# Thermostat Temp



## asleepz (Feb 24, 2004)

What is the thermostat temp on the VG30Es?


----------



## Zen31ZR (Mar 24, 2004)

SKD_Tech said:


> What is the thermostat temp on the VG30Es?


 180 is typical. 190 maybe.


----------



## asleepz (Feb 24, 2004)

that ya much I was helping Gohan


----------



## 0341TODD (Nov 15, 2003)

What? dude what you just said made no sense whatsoever-lol
Im running a 170 degree thermostat


----------



## Zen31ZR (Mar 24, 2004)

0341TODD said:


> What? dude what you just said made no sense whatsoever-lol
> Im running a 170 degree thermostat


 It has to be over a certain temperature so that closed loop will kick in. 170 is just about threshold too low. Over 190 can promote knock in highly boosted cars. 175-180 is just about perfect assuming the cooling system is in general good condition. That's for turbo cars, 190 on a stock NA car is just about right , since the cylinder head temperature stays pretty constant.


----------



## 0341TODD (Nov 15, 2003)

I live in FL- the reason why I need your a/c system-lol


----------



## Zen31ZR (Mar 24, 2004)

0341TODD said:


> I live in FL- the reason why I need your a/c system-lol


 Don't forget thermostat temp is just the temperature it opens at. Most of the real reason the car gets warm is the thermal load of the cooling system in general , including the radiator. The thermostat just determines how slowly or quickly the car heats up to operating temp. In a climate like yours 170-175 is just about right , but for me that might be too low , you see. Water heats up more slowly up here.(Coolant/water, fluids in general)


----------



## 0341TODD (Nov 15, 2003)

I know, Im just saying


----------



## asleepz (Feb 24, 2004)

[email protected] said:


> Don't forget thermostat temp is just the temperature it opens at. Most of the real reason the car gets warm is the thermal load of the cooling system in general , including the radiator. The thermostat just determines how slowly or quickly the car heats up to operating temp. In a climate like yours 170-175 is just about right , but for me that might be too low , you see. Water heats up more slowly up here.(Coolant/water, fluids in general)
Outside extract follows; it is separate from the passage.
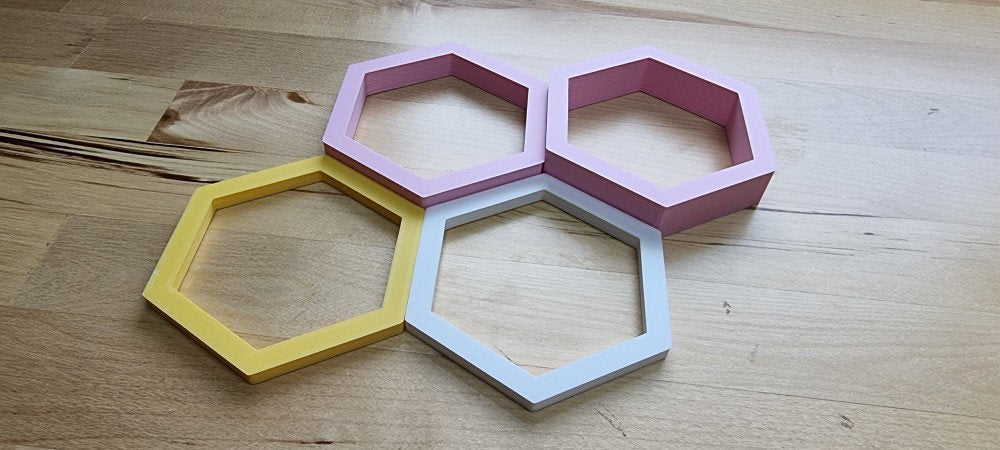 3D Hollow Hexagon Wall Tiles In Tons of Sizes & Colors! Get A Modern Honeycomb Look With 6in Wide 3D Hexagon Wall Tiles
Mine gets up to temp in about 3 mins of running during the summer we are a constant high 80s to high 90s and maybe low 100s but during the winter we stay around 40 or 50

Gohan is a user here and I am helping him get his Z road worthy and I needed the info Todd.


----------



## 0341TODD (Nov 15, 2003)

OHHHHHH, gotcha man- I was like "wtf is he saying- that makes no sense"- I thought you were talking about dragonball Z or something (Not to be confused with Nissan Z-lol)


----------